── Dataset extract ──

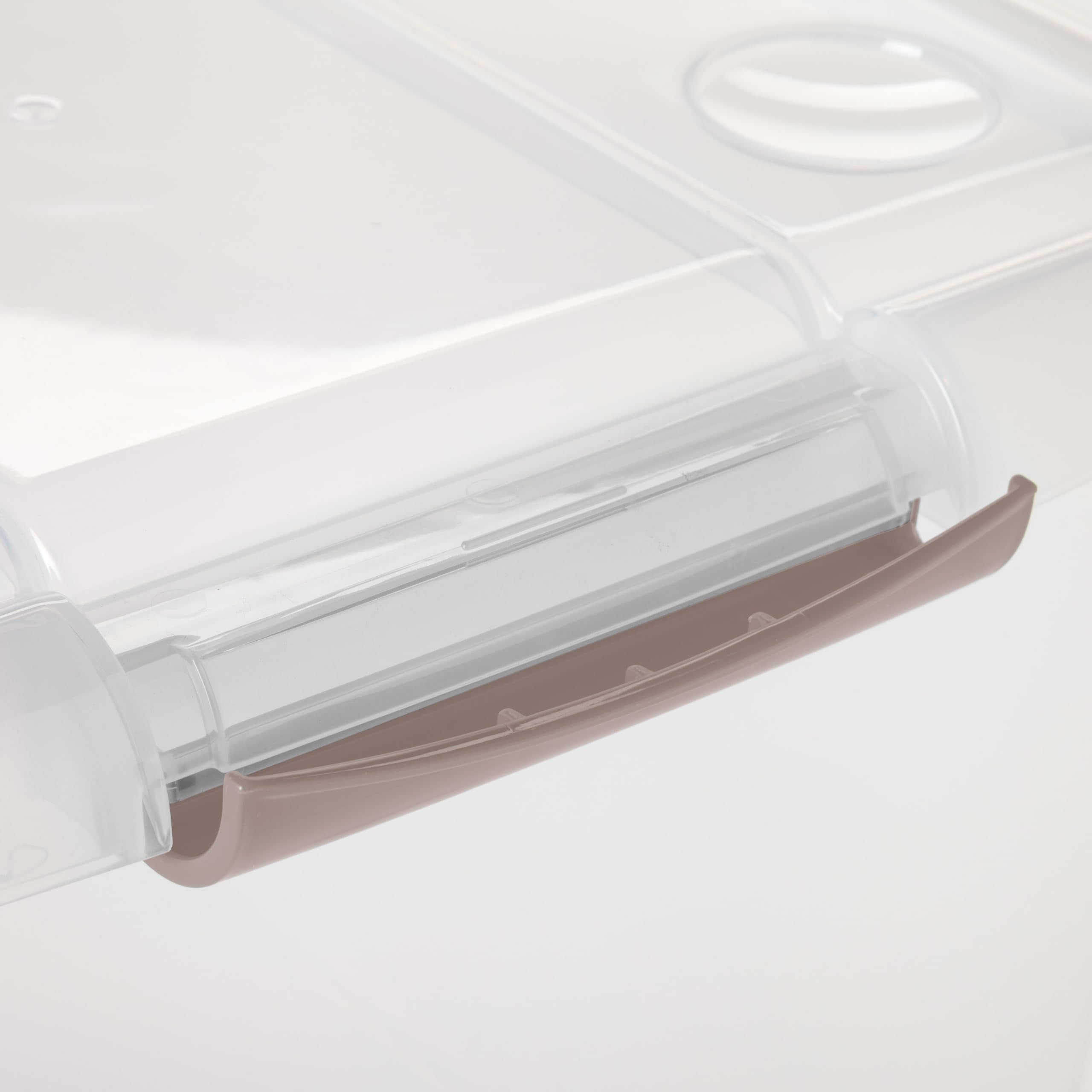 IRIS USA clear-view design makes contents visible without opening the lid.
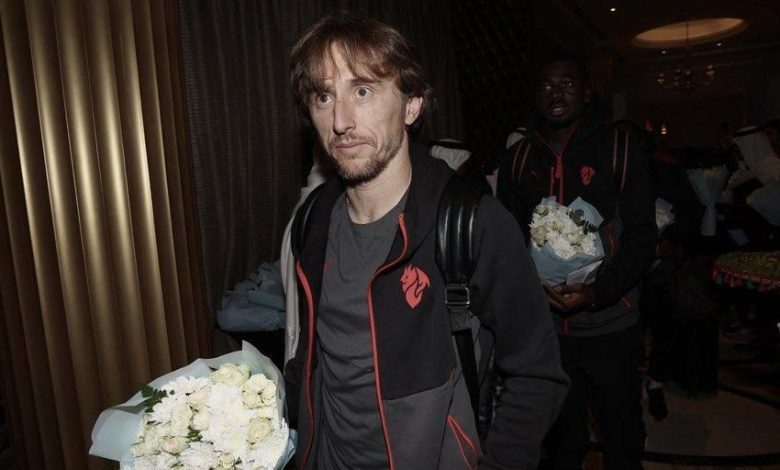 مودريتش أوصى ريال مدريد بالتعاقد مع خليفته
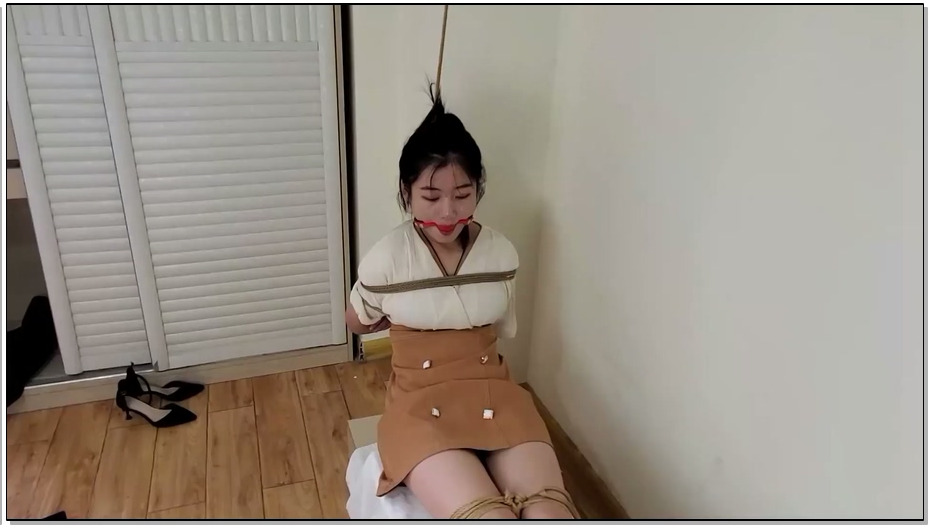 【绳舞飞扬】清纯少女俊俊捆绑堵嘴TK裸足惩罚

───

● Try it: Output, exactly and without pictures, the span of lines that starts at the line containing "مودريتش أوصى ريال مدريد بالتعاقد مع خليفته" and ends at the last line above.

● Your response:
 مودريتش أوصى ريال مدريد بالتعاقد مع خليفته
 【绳舞飞扬】清纯少女俊俊捆绑堵嘴TK裸足惩罚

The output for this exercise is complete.